Subject: What LMS to Choose After Blackboard?

Thanks for the note and thanks to your colleague for the reference. I have spent almost 15 years in the LMS market now and know the products and systems very well. As you might well imagine I am very excited about Sakai and believe it to be the best solution in the marketplace for the present and the future.

To me the most important dimensions of an LMS are: (a) an LMS must continuously evolve to meet the needs of on-campus, distance, and education at scale (i.e. MOOCs) as experienced by a modern world-class university, (b) for a university outside the US having 100% control over all student data is a must, and (c) over the next decade while the LMS will continue to be the backbone resource for teaching, increasingly innovation must happen outside the LMS and be seamlessly integrated into the LMS – this allows the LMS to focus on stability, scalability, and consistency while freeing local instructors, instructional designers and IT staff to explore innovative pedagogies freely without compromising the stability of the LMS.
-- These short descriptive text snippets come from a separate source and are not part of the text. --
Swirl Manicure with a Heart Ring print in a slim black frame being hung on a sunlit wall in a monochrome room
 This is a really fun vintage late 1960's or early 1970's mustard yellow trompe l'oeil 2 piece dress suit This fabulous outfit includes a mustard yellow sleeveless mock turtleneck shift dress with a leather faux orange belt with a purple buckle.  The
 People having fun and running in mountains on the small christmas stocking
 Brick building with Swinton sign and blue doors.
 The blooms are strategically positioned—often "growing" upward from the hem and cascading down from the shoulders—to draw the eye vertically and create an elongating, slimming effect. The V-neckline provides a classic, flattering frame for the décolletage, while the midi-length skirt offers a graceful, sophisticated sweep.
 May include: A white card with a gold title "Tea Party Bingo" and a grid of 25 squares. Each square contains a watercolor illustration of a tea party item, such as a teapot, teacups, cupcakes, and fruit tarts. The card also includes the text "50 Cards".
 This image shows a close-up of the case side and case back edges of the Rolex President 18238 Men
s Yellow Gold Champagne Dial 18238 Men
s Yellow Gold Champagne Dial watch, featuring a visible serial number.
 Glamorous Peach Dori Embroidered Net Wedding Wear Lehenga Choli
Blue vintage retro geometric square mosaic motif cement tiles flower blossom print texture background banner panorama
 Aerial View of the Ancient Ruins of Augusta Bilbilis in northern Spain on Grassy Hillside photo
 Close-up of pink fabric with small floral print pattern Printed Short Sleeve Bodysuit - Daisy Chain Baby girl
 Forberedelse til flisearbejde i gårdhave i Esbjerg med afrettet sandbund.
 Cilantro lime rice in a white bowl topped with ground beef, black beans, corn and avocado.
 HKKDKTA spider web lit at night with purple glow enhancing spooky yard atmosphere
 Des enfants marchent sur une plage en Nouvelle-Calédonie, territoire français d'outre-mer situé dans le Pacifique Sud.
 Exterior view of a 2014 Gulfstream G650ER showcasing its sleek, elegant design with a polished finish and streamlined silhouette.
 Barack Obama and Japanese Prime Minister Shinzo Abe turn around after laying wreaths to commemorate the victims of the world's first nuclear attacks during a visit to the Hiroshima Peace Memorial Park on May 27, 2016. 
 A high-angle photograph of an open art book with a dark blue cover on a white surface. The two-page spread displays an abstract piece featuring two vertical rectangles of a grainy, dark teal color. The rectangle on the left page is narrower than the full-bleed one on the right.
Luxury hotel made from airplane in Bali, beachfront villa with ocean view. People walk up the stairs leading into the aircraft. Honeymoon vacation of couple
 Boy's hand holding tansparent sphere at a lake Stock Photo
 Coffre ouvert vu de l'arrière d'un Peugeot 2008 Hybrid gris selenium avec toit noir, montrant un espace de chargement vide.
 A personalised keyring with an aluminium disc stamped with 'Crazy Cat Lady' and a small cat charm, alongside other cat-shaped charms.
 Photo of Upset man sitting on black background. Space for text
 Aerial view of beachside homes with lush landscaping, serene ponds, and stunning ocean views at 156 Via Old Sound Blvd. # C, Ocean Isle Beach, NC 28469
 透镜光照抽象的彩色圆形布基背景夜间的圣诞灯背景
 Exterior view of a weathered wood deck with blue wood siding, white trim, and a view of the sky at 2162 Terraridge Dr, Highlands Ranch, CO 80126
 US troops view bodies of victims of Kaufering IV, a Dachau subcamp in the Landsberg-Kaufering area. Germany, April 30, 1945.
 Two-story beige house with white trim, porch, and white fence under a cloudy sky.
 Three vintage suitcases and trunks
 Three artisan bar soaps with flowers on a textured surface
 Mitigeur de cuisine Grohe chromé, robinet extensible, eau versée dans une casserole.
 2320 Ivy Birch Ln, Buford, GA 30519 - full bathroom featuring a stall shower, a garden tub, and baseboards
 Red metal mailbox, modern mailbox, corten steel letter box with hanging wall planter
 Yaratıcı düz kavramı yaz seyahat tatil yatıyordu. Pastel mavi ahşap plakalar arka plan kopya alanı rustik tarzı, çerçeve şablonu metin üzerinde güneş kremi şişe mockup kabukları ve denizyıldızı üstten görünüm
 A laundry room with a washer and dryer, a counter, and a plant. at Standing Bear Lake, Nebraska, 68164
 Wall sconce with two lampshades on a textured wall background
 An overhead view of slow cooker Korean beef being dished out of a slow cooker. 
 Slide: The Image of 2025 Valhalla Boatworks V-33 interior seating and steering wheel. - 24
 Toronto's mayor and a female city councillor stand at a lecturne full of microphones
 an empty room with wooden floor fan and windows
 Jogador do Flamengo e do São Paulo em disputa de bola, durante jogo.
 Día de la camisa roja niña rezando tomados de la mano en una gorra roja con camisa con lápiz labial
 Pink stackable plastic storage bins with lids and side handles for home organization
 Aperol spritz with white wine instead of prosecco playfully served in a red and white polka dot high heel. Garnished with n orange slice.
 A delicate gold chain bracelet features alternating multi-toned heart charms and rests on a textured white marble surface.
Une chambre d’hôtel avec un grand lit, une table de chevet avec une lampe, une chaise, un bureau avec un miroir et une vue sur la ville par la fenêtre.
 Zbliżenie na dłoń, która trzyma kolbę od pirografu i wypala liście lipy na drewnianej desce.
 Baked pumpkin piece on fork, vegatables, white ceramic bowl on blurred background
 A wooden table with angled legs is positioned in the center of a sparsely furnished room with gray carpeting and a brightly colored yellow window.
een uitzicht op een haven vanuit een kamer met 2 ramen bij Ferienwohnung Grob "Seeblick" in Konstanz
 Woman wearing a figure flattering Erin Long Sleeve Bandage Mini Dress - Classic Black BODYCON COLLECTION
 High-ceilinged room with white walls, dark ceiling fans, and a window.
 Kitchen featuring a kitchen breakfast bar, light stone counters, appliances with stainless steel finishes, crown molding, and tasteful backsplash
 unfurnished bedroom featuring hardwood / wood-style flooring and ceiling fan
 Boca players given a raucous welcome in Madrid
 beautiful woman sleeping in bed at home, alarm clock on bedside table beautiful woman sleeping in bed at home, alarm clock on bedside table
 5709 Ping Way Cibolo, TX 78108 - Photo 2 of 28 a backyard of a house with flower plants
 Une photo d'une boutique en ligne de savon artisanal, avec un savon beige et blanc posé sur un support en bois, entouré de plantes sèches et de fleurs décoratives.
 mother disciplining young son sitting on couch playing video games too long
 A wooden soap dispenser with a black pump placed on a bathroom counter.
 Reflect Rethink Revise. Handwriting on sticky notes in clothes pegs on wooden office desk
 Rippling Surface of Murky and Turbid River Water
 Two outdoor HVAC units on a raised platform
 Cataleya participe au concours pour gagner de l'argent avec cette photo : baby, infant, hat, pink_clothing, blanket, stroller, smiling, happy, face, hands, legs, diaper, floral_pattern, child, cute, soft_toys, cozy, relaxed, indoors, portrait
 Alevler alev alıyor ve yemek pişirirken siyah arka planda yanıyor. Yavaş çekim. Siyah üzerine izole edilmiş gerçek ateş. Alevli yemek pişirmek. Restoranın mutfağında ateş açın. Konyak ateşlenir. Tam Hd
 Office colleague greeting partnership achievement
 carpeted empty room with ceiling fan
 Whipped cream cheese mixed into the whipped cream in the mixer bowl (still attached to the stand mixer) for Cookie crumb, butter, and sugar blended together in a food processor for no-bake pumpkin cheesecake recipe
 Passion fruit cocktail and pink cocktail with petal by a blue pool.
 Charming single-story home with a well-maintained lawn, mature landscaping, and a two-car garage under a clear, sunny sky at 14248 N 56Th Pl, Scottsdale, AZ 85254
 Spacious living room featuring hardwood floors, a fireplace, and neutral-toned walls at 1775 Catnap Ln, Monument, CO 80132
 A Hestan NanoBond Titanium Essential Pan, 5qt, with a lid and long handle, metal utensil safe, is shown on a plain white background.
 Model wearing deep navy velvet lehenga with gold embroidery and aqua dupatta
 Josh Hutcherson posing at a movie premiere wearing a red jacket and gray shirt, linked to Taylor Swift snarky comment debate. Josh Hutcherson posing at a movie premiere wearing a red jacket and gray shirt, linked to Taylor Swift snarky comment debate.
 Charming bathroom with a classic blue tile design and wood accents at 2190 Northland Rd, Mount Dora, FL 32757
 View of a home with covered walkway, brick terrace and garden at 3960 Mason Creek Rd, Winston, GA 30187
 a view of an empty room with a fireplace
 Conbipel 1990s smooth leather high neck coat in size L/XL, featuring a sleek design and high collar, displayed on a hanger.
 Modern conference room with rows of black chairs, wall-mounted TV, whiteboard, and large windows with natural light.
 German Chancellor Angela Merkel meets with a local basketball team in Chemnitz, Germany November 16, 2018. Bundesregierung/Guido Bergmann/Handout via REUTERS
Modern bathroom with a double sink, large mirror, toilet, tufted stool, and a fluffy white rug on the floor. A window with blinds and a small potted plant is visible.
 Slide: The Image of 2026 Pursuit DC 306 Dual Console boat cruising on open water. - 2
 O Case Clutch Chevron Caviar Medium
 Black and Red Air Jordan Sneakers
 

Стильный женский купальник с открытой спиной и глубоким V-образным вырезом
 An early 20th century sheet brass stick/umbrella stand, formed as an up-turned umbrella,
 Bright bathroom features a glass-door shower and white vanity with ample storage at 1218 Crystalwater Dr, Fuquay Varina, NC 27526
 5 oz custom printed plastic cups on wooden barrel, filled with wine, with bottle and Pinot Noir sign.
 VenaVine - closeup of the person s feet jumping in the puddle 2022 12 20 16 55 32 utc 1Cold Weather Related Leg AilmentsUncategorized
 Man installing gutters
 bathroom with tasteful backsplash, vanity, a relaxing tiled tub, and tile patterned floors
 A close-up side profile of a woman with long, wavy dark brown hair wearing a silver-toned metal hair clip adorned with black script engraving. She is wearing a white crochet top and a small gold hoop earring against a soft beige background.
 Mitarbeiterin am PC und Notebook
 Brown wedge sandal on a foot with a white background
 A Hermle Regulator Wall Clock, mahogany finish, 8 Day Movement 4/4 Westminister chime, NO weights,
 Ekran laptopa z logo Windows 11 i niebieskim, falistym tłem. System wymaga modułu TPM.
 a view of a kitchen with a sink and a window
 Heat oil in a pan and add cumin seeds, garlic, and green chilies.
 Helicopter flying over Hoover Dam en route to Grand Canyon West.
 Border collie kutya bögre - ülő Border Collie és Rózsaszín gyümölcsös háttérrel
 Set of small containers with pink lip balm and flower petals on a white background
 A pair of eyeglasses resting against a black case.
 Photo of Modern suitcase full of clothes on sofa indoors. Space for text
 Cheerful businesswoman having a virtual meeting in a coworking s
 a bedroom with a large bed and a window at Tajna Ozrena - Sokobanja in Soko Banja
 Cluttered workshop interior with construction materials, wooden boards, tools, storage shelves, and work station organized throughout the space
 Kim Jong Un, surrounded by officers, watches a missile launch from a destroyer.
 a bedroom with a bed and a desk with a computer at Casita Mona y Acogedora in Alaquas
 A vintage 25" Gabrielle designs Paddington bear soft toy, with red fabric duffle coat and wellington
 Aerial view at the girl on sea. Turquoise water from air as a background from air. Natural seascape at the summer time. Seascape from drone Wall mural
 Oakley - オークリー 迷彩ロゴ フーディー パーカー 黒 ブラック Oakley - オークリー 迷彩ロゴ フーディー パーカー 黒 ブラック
With this context, for a leading institution that is looking forward to innovating in their approach to teaching and learning I feel that Sakai is simply the best LMS in the market. Sakai is the only “100% open source” product and that matters. In a truly open source product, we have no shareholders and no product managers – our shareholders and product managers are our adopters and community – that means you. The schools, companies, and individuals that invest time and resources are the ones that set Sakai’s direction.

Sakai is part of the Apereo Foundation and works with other open source projects that support the academic mission. Perhaps you use CAS as your single signon on your campus. Of particular interest to me is the Tsugi (www.tsugi.org) project that is an open source framework that allows the agile development of a wide range of pedagogically innovative learning tools that are easily and seamlessly integrated into LMSs like Sakai and Canvas using the latest IMS Standards like Learning Tools Interoperability, Common Cartridge, and IMS Content Item.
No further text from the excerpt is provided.